You'll make a home out of the darkness that when a ray of light suddenly hits you, you'll try to avoid it. You'll try to cover your eyes. You'll try to cover your ears from the voices trying to help you get out of it. You'll try to hide because your mind and body will go against your will to come out and live. Because the darkness that used to scare you, now comforts you in a way you thought has helped you survived life. And you'll try to live. Day by day. In the darkness. Not knowing where to go. Not knowing where to start. Not knowing who is with you. You will try to live until the darkness that once surrounds you is now within you. And everyday, it's gonna be a cycle of subtle torture. But let me tell you a secret. The darkness won't make you whole.
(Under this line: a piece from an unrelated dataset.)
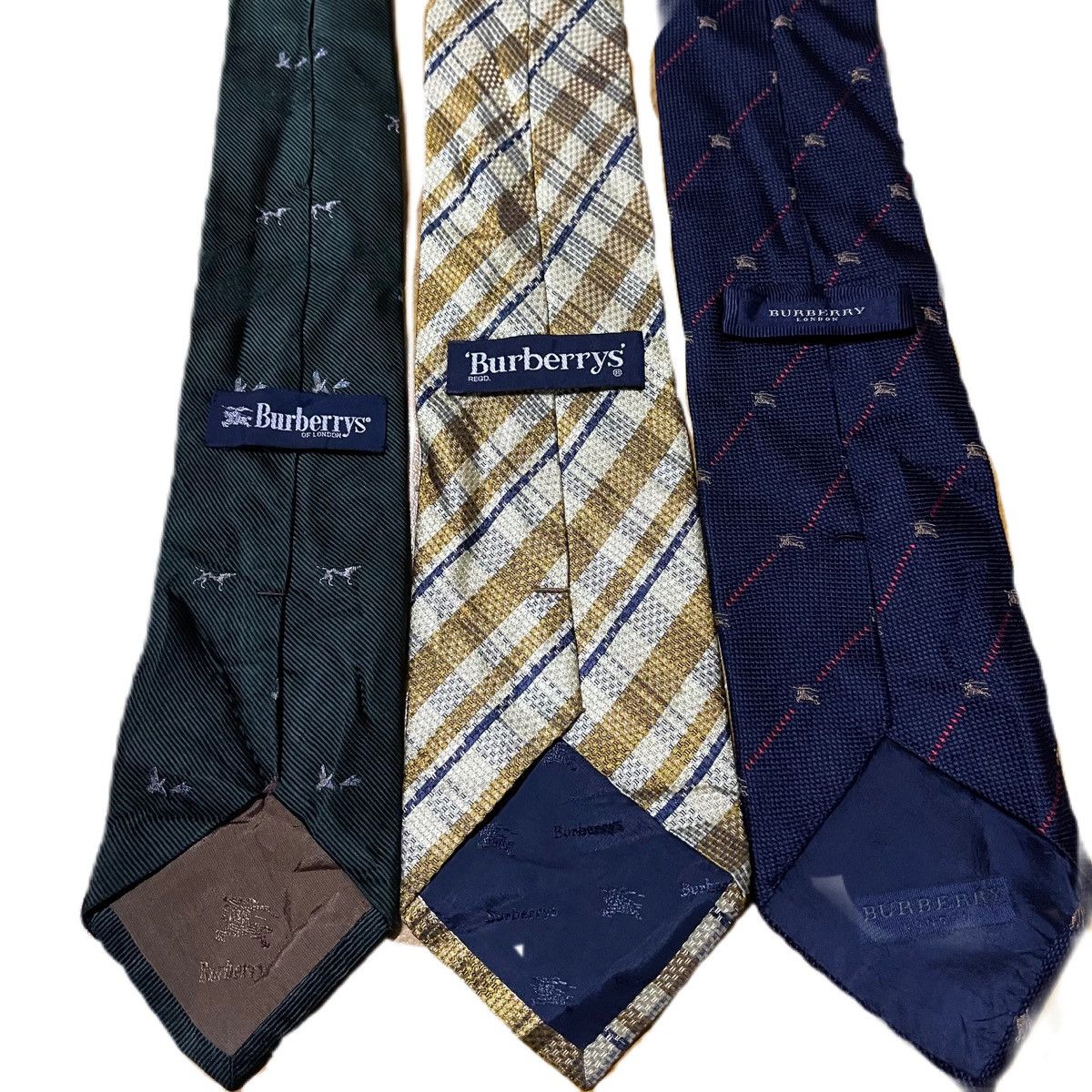 Burberry Lot of 3 BURBERRY tie necktie Size ONE SIZE - 4 Thumbnail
You'll be broken. And in those hair-like cracks, the light will stubbornly fight its way through until it warms you up. Until you realize to check the switch and turn it on. Until you allow other people to help you find your way back in the light. Until you realize you're ready to live in light again. There's a light at the end of this long and dreading tunnel. The only question that matters: will you let them in?
I always thought of life, like a bead where each piece makes it worth sewing together with other piece of beads to make a stronger bond and to create a beautiful result. Today, how do we bond well with different people especially this difficult time? As this day challenges us to a new normal, may we continue to bead along positively with our life.